Conditions wet but nice- second run crossed a tip- catapaulted onto chest - where iPhone conveniently stored.  X ray showed cracked rib- than had a cat scan to rule out tear in lung and or spleen.  Out for 8 weeks and in serous pain- although I have ammo for that.  Bad week, lose my girl thurs and me sat- my son who witnessed both was looking a little green.


----------



## gmcunni (Dec 31, 2011)

sorry to hear the bad news John.  hopefully you and your daughter both have full and speedy recoveries.


----------



## o3jeff (Dec 31, 2011)

Terrible end to the year for you and your daughter. Hopefully you can get back out there sooner!

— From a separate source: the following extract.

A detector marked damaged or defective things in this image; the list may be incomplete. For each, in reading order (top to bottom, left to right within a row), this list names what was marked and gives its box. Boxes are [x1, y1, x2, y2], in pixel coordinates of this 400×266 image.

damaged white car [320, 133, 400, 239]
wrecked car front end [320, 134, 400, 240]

How did the phone hold up?


----------



## powhunter (Dec 31, 2011)

That flat out sucks John!  Was just thinking about the pow day we had last year. Speedy recovery to you and your daughter!

Steveo


----------



## Madroch (Dec 31, 2011)

To put the mtn at
Ease- when they-asked me cause of a accident- I wrote skier error- in crossing tips and on puttin iPhone in chest pocket.  Theniphonenis a rib spreader.


----------



## gmcunni (Dec 31, 2011)

is the Iphone Ok?


----------



## gmcunni (Dec 31, 2011)

did you get a ride in the sled?


----------



## Madroch (Dec 31, 2011)

iPhone fine- no  sled I had to find my son- survived but it was a scary painful trip down tempter- the poor kid may never ski again, watches his sister get flattened and then me all pale and gasping for breath being sent to two hospitals.


----------



## Grassi21 (Dec 31, 2011)

Oh man...  Hope you both have a speedy recovery.


----------



## VTSKICTLAX (Dec 31, 2011)

What a bummer...thought the conditions today were again much better than expected...can't believe the lack of crowds...literally ski, stop and ride all day long...great people across the board...my family and I are having a blast...best wishes and a speedy recovery to madroch and family and a happy new year to all...


----------



## Warp Daddy (Dec 31, 2011)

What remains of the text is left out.